Both Ian MacKaye and John Brannon, vocalist of Negative Approach, were in the audience at that SNL show and both used curse words (gasp!) that can be clearly heard on the whole tape
My Favorite are the Ramones ! I visit their Concert in Düsseldorf october 1987 ! IT was a fantastic Concert ! So much Power Like their First concerts from 1974 ! greetings from Lüneburg in Germany !
Jello Biafra is so well-spoken. He's probably one of the smartest punkers still alive today. I do find it kind of funny that he still bitches about Tipper Gore to this day, though.
@@FlyingV555 Milo Aukerman is the vocalist of The Descendants. They essentially were the first Pop Punk band. In early Blink 182 songs, Tom intentionally sounded more like Milo.
The funny thing is Real 'Punks' hated the label of being 'Punk' ...think of how A.I.C., Soundgarden, Nirvana et al. Who were not happy being defined as 'Grunge '. They are outsiders, pioneers, artists... Look at what Lydon did with PIL !
Same thing with Goths, Sisters of mercy hated it so much even though they were goth icons. I don't think there were any goth bands who were actually ok with the label!
There's a quote that I think is attributed to GQ magazine: "In an ideal world, Green Day would be paying royalties to Stiff Little Fingers until the day they die"
That straight edge dude: "why would you not want to be in the moment". He doesn't understand two things, you can do drugs to enhance mood &/or to elevate your thinking & sometimes you need an escape from the moment. I do however, agree with the "why poison yourself" comment, although he's being a little over dramatic about it.
I suspect genuine punks would have pumped themselves with a lethal hot shot on learning they would one day appear in generic 10 minute videos for a 2 minute section, alongside other Punks they despised, where they are represented to new generations by by profit seeking media companies too cheap to licence original extended music, choosing rather narrations of Wikipedia biographies and quotes from open source music press. Publicity and paparazzi photos delivered via tiny mobile phone screens with shit sound quality. Such a future surely demands death.
Damn you do raise some valid points however perhaps true punk is being so secure in who you are you don't worry how others chop you up. Plus at least new generations are getting a glimpse of history and might choose to delve futher, whereas they might not have earlier. definitely agree that Capitalism has commodified subcultures and the culture, but I suppose we must learn to continue to survive somehow, giving our situations. Life will always evolve and change, nothing will ever be able to stay wholly stagnant.
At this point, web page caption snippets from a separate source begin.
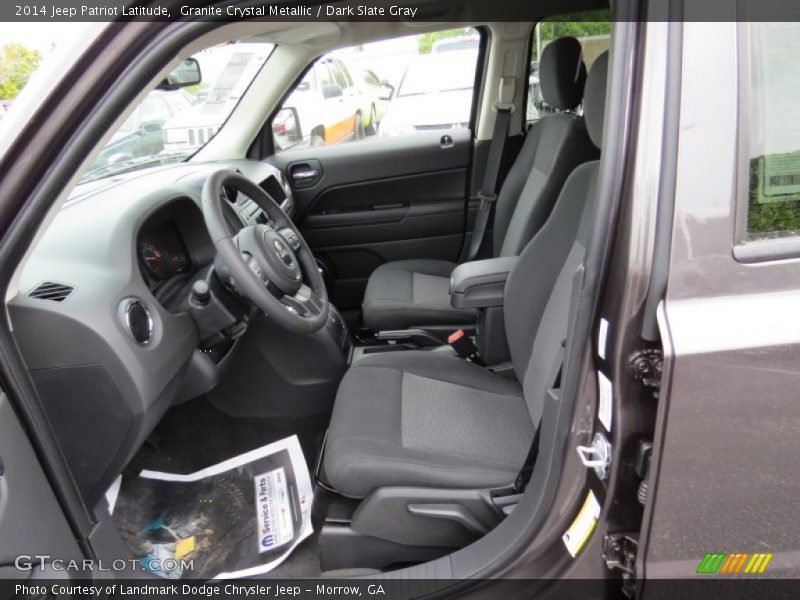  2014 Patriot Latitude Dark Slate Gray Interior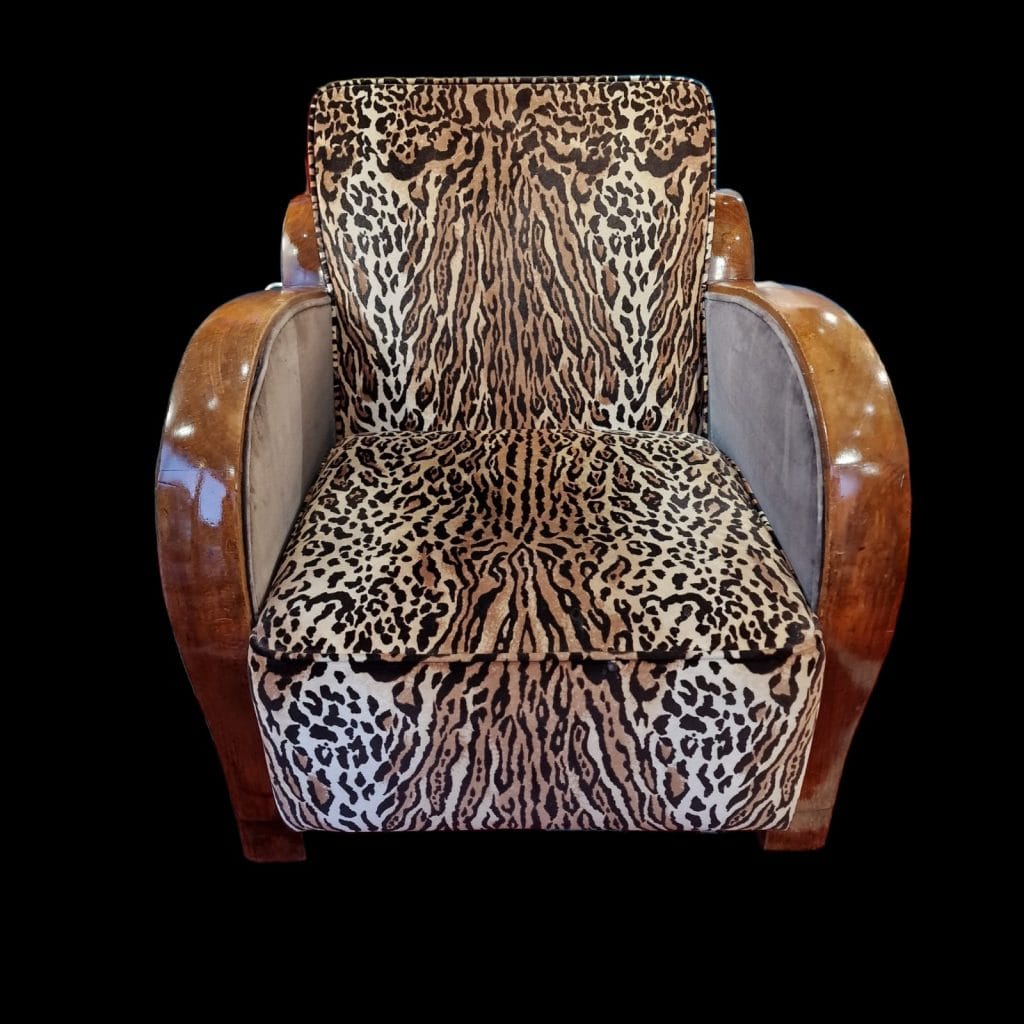 Coppia di poltrone anni '30 con rivestimento leopardato in stile Art Deco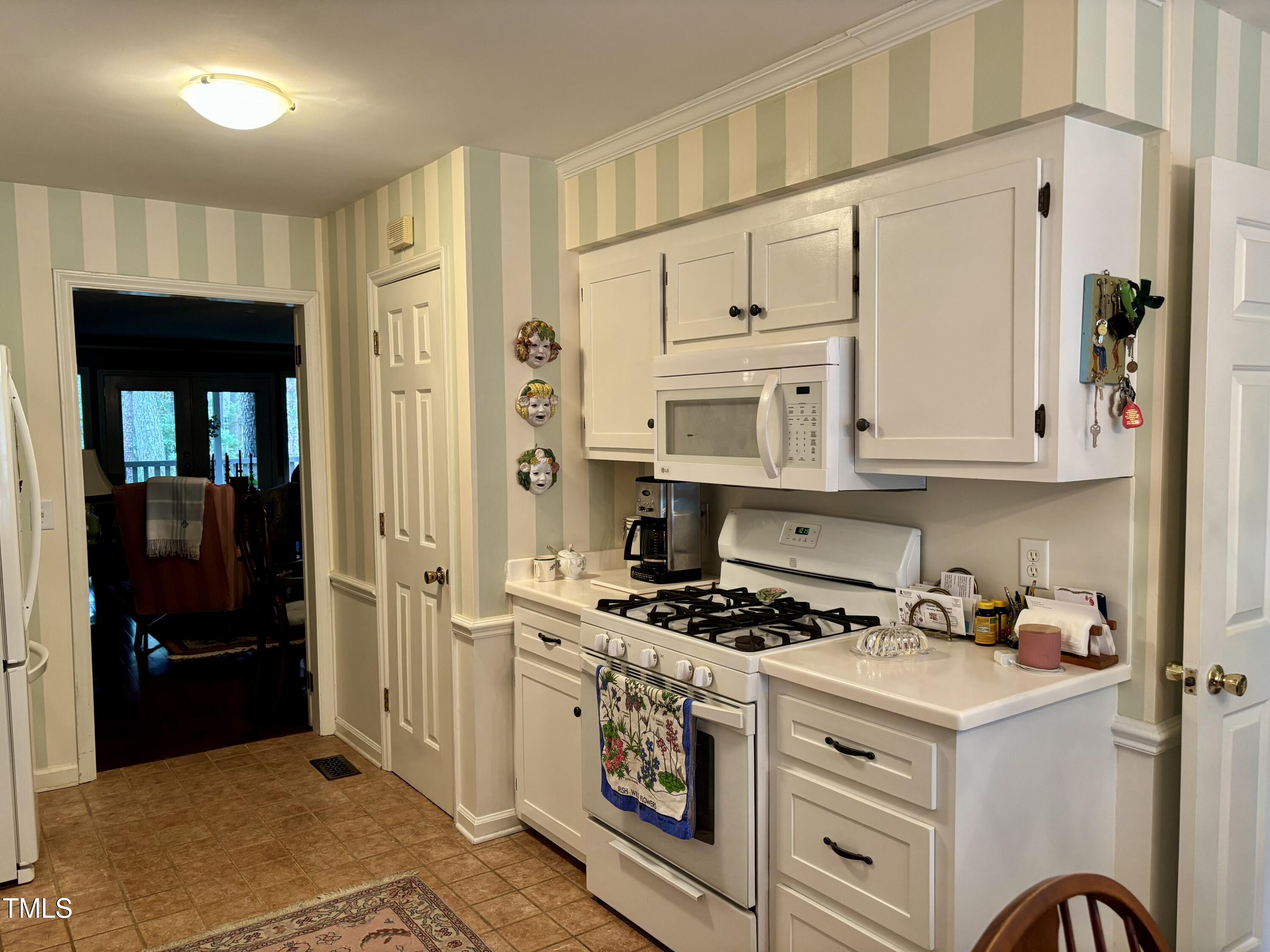 Durham, North Carolina 27707, United States, 4 Bedrooms Bedrooms, ,3 BathroomsBathrooms,Residential,Active,191805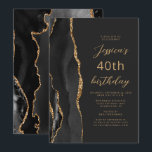 Black Gold Agate Slate Script 40th Birthday Kaart<br><div class="desc">De linkerrand van deze elegante, moderne verjaardagsfeestelijke uitnodiging is voorzien van een zwarte waterverf aan de rand van een donkere, met gouden faux glitter getrimde rand. De aanpasbare tekst combineert een goudkleurig script en maakt serif lettertypen op een zwarte leisteenachtergrond. De achterzijde is voorzien van een bijpassend zwart en goudvormig...</div>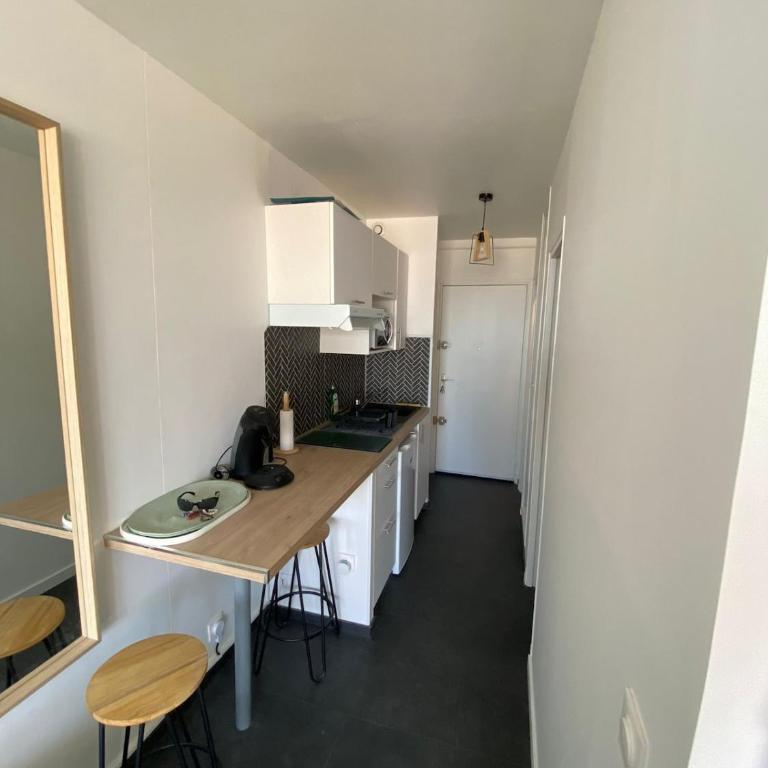  - Room #1727568201 - 16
Why did they distort Sid's face in the thumbnail. I've seen the photo they used for it many times before and he doesn't look like that in the pic normally.
The fact that we have Ramones first show on tape is the greatest thing ever
Pretty sure that was at CBGB's, and I think that Patty Smith and The Talking Heads also premiered that same night/weekend
@@oggearhound2242 must have been a hell of a night
It’s pretty cool
This wasn’t there first show at CBGB because Joey fell off stage lol
@Eduardo Guimarães even if it's not the first concert, a ramones concert from 1974 is pretty damn cool to have
"Green Day did to grunge what Nirvana did to hair rock", that's not true at all. Grunge died of its own accord, really, and Green Day didn't spearhead any kind of movement or change music history in the way Nirvana did.
Well said!!
👏 👏 👏 👏
I agree. Grunge really died when Kurt Cobain did. Green Day's first single, Longview, hadn't even been released by then, and in any case, the music wasn't a massive shift away in sound. People who liked Green Day would generally have happily listened to Nirvana.
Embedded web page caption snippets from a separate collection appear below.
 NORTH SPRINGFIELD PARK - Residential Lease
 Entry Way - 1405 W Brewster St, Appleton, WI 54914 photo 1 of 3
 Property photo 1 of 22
I agree grunge died out of there own accord, green day were just in the right place at the right time
over here in the UK Green Day was never really a thing
That Clash interview is so fire, that the lady interviewing them was actually talking to them.
And yet very respectable on both ends
👍👍
I loved that. They were showing how much they knew.
I'm disappointed to hear Joe spewing Marxist propaganda. Sad really.
@@mattstrathis4328 that's what punk was in great part about, in a lot of young people's mind in the era of Thatcher. And to them marxism and its application in reality were the attractive unknown and the only alternative they thought was possible to their lives in the system as it were. Very humanly feature - want a thing you never tasted more than the one you have at reach of hand :)
The Misfits headlining Madison Square Garden is pretty iconic if you ask me.
YES!!!
So punk.....
What would you think is pretty iconic?
Its crazy how the same generation that started the punk scene turned into what we know now as "boomers."
Isn’t punk more of a gen x thing? I always saw the late 60s as the boomers era time.
@@iSkully99
The 90s punk scene was Gen X... He's talking about some of the earliest punk bands from the mid 70s... The end of the Vietnam war was the end of the Boomer era, 1975. He's talking about very few bands like the Ramones and the Stooges. He needs to explain that if that's what he means.
@@iSkully99 The people who were making the music in the 70s would have been born in the late 1950s
@@RevStickleback that was my point yeah. Babyboomer are born between the mid 40s and 50s while most people in the punk scene were born after that.
@@iSkully99 The baby boomer period apparently extends to the mid 60s. I always think of it being earlier than that too, but apparently that's not the case.
The Famous last words of Johnny Rotten " Ever get the feeling , you've been cheated ? ! ?"
It's so wonderfully ironic that he of all people said that...
@Kyle Crosby PiL were shit?
@Kyle Crosby You think Keith Levene and Jah Wobble were bad musicians? Well, that was the whole point of PiL.
Not to sound like punk or rock-'n'-roll music in general. To tear it apart and start from scratch.
@Kyle Crosby johnny rotten was very kind to kid in 70s, and he really hate parents that treating their children like an animal, that explain why he wrote bodies
I'm pretty sure the fat pompous ass is still kicking and he's had no loss of commentary since he said that.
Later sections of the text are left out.